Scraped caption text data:
▬▬▬▬▬▬

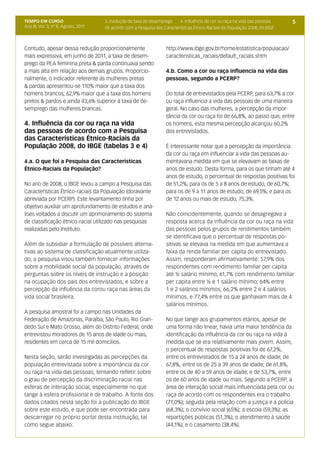 TEMPO EM CURSO                        3. Evolução da taxa de desemprego    4. Influência da cor ou raça na vida das pessoas    5
Ano III; Vol. 3; nº 8, Agosto, 2011   de acordo com a Pesquisa das Características Étnico-Raciais da População 2008, do IBGE



Contudo, apesar dessa redução proporcionalmente                      http://www.ibge.gov.br/home/estatistica/populacao/
mais expressiva, em junho de 2011, a taxa de desem-                  caracteristicas_raciais/default_raciais.shtm
prego da PEA feminina preta & parda continuava sendo
a mais alta em relação aos demais grupos. Proporcio-                 4.b. Como a cor ou raça influencia na vida das
nalmente, o indicador referente às mulheres pretas                   pessoas, segundo a PCERP?
& pardas apresentou-se 110% maior que a taxa dos
homens brancos; 62,9% maior que a taxa dos homens                    Do total de entrevistados pela PCERP, para 63,7% a cor
pretos & pardos e ainda 43,6% superior à taxa de de-                 ou raça influencia a vida das pessoas de uma maneira
semprego das mulheres brancas.                                       geral. No caso das mulheres, a percepção da impor-
                                                                     tância da cor ou raça foi de 66,8%, ao passo que, entre
4. Influência da cor ou raça na vida                                 os homens, esta mesma percepção alcançou 60,2%
das pessoas de acordo com a Pesquisa                                 dos entrevistados.
das Características Étnico-Raciais da
População 2008, do IBGE (tabelas 3 e 4)                              É interessante notar que a percepção da importância
                                                                     da cor ou raça em influenciar a vida das pessoas au-
4.a. O que foi a Pesquisa das Características                        mentavana medida em que se elevavam as faixas de
Étnico-Raciais da População?                                         anos de estudo. Desta forma, para os que tinham até 4
                                                                     anos de estudo, o percentual de respostas positivas foi
No ano de 2008, o IBGE levou a campo a Pesquisa das                  de 51,2%; para os de 5 a 8 anos de estudo, de 60,7%;
Características Étnico-raciais da População (doravante               para os de 9 a 11 anos de estudo, de 69,5%; e para os
abreviada por PCERP). Este levantamento tinha por                    de 12 anos ou mais de estudo, 75,3%.
objetivo auxiliar um aprofundamento de estudos e aná-
lises voltados a discutir um aprimoramento do sistema                Não coincidentemente, quando se desagregava a
de classificação étnico-racial utilizado nas pesquisas               resposta acerca da influência da cor ou raça na vida
realizadas pelo Instituto.                                           das pessoas pelos grupos de rendimentos também
                                                                     se identificava que o percentual de respostas po-
Além de subsidiar a formulação de possíveis alterna-                 sitivas se elevava na medida em que aumentava a
tivas ao sistema de classificação atualmente utiliza-                faixa da renda familiar per capita do entrevistado.
do, a pesquisa visou também fornecer informações                     Assim, responderam afirmativamente: 57,9% dos
sobre a mobilidade social da população, através de                   respondentes com rendimento familiar per capita
perguntas sobre os níveis de instrução e a posição                   até ½ salário mínimo; 61,7% com rendimento familiar
na ocupação dos pais dos entrevistados, e sobre a                    per capita entre ½ e 1 salário mínimo; 64% entre
percepção da influência da corou raça nas áreas da                   1 e 2 salários mínimos, 66,2% entre 2 e 4 salários
vida social brasileira.                                              mínimos, e 77,4% entre os que ganhavam mais de 4
                                                                     salários mínimos.
A pesquisa amostral foi a campo nas Unidades da
Federação de Amazonas, Paraíba, São Paulo, Rio Gran-                 No que tange aos grupamentos etários, apesar de
dedo Sul e Mato Grosso, além do Distrito Federal, onde               uma forma não linear, havia uma maior tendência da
entrevistou moradores de 15 anos de idade ou mais,                   identificação da influência da cor ou raça na vida à
residentes em cerca de 15 mil domicílios.                            medida que se era relativamente mais jovem. Assim,
                                                                     o percentual de respostas positivas foi de 67,2%,
Nesta seção, serão investigadas as percepções da                     entre os entrevistados de 15 a 24 anos de idade; de
população entrevistada sobre a importância da cor                    67,8%, entre os de 25 a 39 anos de idade; de 61,8%,
ou raça na vida das pessoas, tentando refletir sobre                 entre os de 40 a 59 anos de idade; e de 53,7%, entre
o grau de percepção da discriminação racial nas                      os de 60 anos de idade ou mais. Segundo a PCERP, a
esferas de interação social, especialmente no que                    área de interação social mais influenciada pela cor ou
tange à esfera profissional e de trabalho. A fonte dos               raça de acordo com os respondentes era o trabalho
dados citados nesta seção foi a publicação do IBGE                   (71,0%); seguida pela relação com a justiça e a polícia
sobre este estudo, e que pode ser encontrada para                    (68,3%); o convívio social (65%); a escola (59,3%); as
descarregar no próprio portal desta instituição, tal                 repartições públicas (51,3%); o atendimento à saúde
como segue abaixo:                                                   (44,1%); e o casamento (38,4%).
 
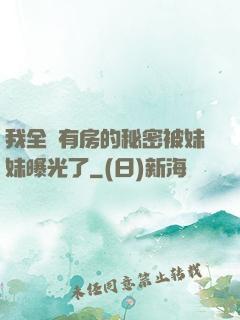 我全國有房的秘密被妹妹曝光了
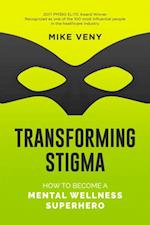 Transforming Stigma: How to Become a Mental Wellness Superhero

▬▬▬▬▬▬

**Required work:**
Word for word, return the records shown above without their pictures.

**Solution for this exercise:**
 TEMPO EM CURSO                        3. Evolução da taxa de desemprego    4. Influência da cor ou raça na vida das pessoas    5
Ano III; Vol. 3; nº 8, Agosto, 2011   de acordo com a Pesquisa das Características Étnico-Raciais da População 2008, do IBGE



Contudo, apesar dessa redução proporcionalmente                      http://www.ibge.gov.br/home/estatistica/populacao/
mais expressiva, em junho de 2011, a taxa de desem-                  caracteristicas_raciais/default_raciais.shtm
prego da PEA feminina preta & parda continuava sendo
a mais alta em relação aos demais grupos. Proporcio-                 4.b. Como a cor ou raça influencia na vida das
nalmente, o indicador referente às mulheres pretas                   pessoas, segundo a PCERP?
& pardas apresentou-se 110% maior que a taxa dos
homens brancos; 62,9% maior que a taxa dos homens                    Do total de entrevistados pela PCERP, para 63,7% a cor
pretos & pardos e ainda 43,6% superior à taxa de de-                 ou raça influencia a vida das pessoas de uma maneira
semprego das mulheres brancas.                                       geral. No caso das mulheres, a percepção da impor-
                                                                     tância da cor ou raça foi de 66,8%, ao passo que, entre
4. Influência da cor ou raça na vida                                 os homens, esta mesma percepção alcançou 60,2%
das pessoas de acordo com a Pesquisa                                 dos entrevistados.
das Características Étnico-Raciais da
População 2008, do IBGE (tabelas 3 e 4)                              É interessante notar que a percepção da importância
                                                                     da cor ou raça em influenciar a vida das pessoas au-
4.a. O que foi a Pesquisa das Características                        mentavana medida em que se elevavam as faixas de
Étnico-Raciais da População?                                         anos de estudo. Desta forma, para os que tinham até 4
                                                                     anos de estudo, o percentual de respostas positivas foi
No ano de 2008, o IBGE levou a campo a Pesquisa das                  de 51,2%; para os de 5 a 8 anos de estudo, de 60,7%;
Características Étnico-raciais da População (doravante               para os de 9 a 11 anos de estudo, de 69,5%; e para os
abreviada por PCERP). Este levantamento tinha por                    de 12 anos ou mais de estudo, 75,3%.
objetivo auxiliar um aprofundamento de estudos e aná-
lises voltados a discutir um aprimoramento do sistema                Não coincidentemente, quando se desagregava a
de classificação étnico-racial utilizado nas pesquisas               resposta acerca da influência da cor ou raça na vida
realizadas pelo Instituto.                                           das pessoas pelos grupos de rendimentos também
                                                                     se identificava que o percentual de respostas po-
Além de subsidiar a formulação de possíveis alterna-                 sitivas se elevava na medida em que aumentava a
tivas ao sistema de classificação atualmente utiliza-                faixa da renda familiar per capita do entrevistado.
do, a pesquisa visou também fornecer informações                     Assim, responderam afirmativamente: 57,9% dos
sobre a mobilidade social da população, através de                   respondentes com rendimento familiar per capita
perguntas sobre os níveis de instrução e a posição                   até ½ salário mínimo; 61,7% com rendimento familiar
na ocupação dos pais dos entrevistados, e sobre a                    per capita entre ½ e 1 salário mínimo; 64% entre
percepção da influência da corou raça nas áreas da                   1 e 2 salários mínimos, 66,2% entre 2 e 4 salários
vida social brasileira.                                              mínimos, e 77,4% entre os que ganhavam mais de 4
                                                                     salários mínimos.
A pesquisa amostral foi a campo nas Unidades da
Federação de Amazonas, Paraíba, São Paulo, Rio Gran-                 No que tange aos grupamentos etários, apesar de
dedo Sul e Mato Grosso, além do Distrito Federal, onde               uma forma não linear, havia uma maior tendência da
entrevistou moradores de 15 anos de idade ou mais,                   identificação da influência da cor ou raça na vida à
residentes em cerca de 15 mil domicílios.                            medida que se era relativamente mais jovem. Assim,
                                                                     o percentual de respostas positivas foi de 67,2%,
Nesta seção, serão investigadas as percepções da                     entre os entrevistados de 15 a 24 anos de idade; de
população entrevistada sobre a importância da cor                    67,8%, entre os de 25 a 39 anos de idade; de 61,8%,
ou raça na vida das pessoas, tentando refletir sobre                 entre os de 40 a 59 anos de idade; e de 53,7%, entre
o grau de percepção da discriminação racial nas                      os de 60 anos de idade ou mais. Segundo a PCERP, a
esferas de interação social, especialmente no que                    área de interação social mais influenciada pela cor ou
tange à esfera profissional e de trabalho. A fonte dos               raça de acordo com os respondentes era o trabalho
dados citados nesta seção foi a publicação do IBGE                   (71,0%); seguida pela relação com a justiça e a polícia
sobre este estudo, e que pode ser encontrada para                    (68,3%); o convívio social (65%); a escola (59,3%); as
descarregar no próprio portal desta instituição, tal                 repartições públicas (51,3%); o atendimento à saúde
como segue abaixo:                                                   (44,1%); e o casamento (38,4%).
 
 我全國有房的秘密被妹妹曝光了
 Transforming Stigma: How to Become a Mental Wellness Superhero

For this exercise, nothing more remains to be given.